13. The processor of 12, wherein the register manipulation instruction is one of a save instruction, a restore instruction, and a return instruction.

14. The processor of 10, wherein the register window boundary condition is a register window underflow condition requiring one or more register windows to be filled.

15. The processor of 10, wherein the register window boundary condition is a register window overflow condition requiring one or more register windows to be spilled.

16. The processor of 10, wherein the set of helper instructions is organized as one or more groups of instructions, the processor further comprising a register that identifies an address in a helper store of an initial one of the one or more groups, the register corresponding to the register window boundary condition.

17. The processor of 10, wherein the set of helper instructions is organized as one or more groups of instructions, each of the one or more groups having three instructions.

18. The processor of 10, wherein the set of helper instructions is organized as one or more groups of instructions, each of the one or more groups having N helper instructions, wherein N is a number of instructions that can be fetched in one cycle by the processor.

19. A processor that detects a fetched instruction that will, when executed, cause a register window boundary condition and avoids the register window boundary condition by forwarding for execution a set of helper instructions prior to forwarding for execution the fetched instruction.

20. A processor that detects a fetched instruction that will, when executed, cause a trap condition and avoids the trap condition by forwarding a set of helper instructions prior to forwarding the fetched instruction.
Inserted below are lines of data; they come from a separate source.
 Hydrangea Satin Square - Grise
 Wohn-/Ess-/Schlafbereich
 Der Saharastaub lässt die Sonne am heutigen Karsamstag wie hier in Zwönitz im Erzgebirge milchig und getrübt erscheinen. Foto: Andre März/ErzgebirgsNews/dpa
21. An apparatus comprising:

means for fetching a plurality of instructions;

means for detecting that one of the fetched instructions will, when executed, result in a register window boundary condition; and

means for forwarding a set of helper instructions prior to forwarding a detected instruction to avoid the register window boundary condition when the one of the detected of instruction is executed.

22. The apparatus of claim 21, further comprising:

means for determining whether to resolve the register window boundary condition with the set of helper instructions or by generating a trap and calling a trap handler routine.

23. The apparatus of claim 21, wherein the means for detecting comprises:

means for identifying a register window manipulation instruction in the plurality of instructions; and

means for determining a state of window management registers to determine if the register window manipulation instruction will, when executed, result in a register window boundary condition.

24. The apparatus of claim 23, wherein the register manipulation instruction is one of a save instruction, a return instruction, and a restore instruction.

25. The apparatus of claim 21, wherein the register window boundary condition is a register window underflow condition requiring one or more register windows to be filled.

26. The apparatus of claim 21, wherein the register window boundary condition is a register window overflow condition requiring one or more register windows to be spilled.

27. The apparatus of claim 21, wherein the set of helper instructions is organized as one or more groups of helper instructions and wherein a register identifies an address in a helper store of an initial group of the one or more groups, the register corresponding to the register window boundary condition.

28. The apparatus of claim 21, wherein the set of helper instructions is organized as one or more groups of instructions, each of the one or more groups having three instructions.

29. The apparatus of claim 21, wherein the set of helper instructions is organized as one or more groups of instructions, each of the one or more groups having N helper instructions, wherein N is a number of instructions that can be fetched in one cycle by the processor.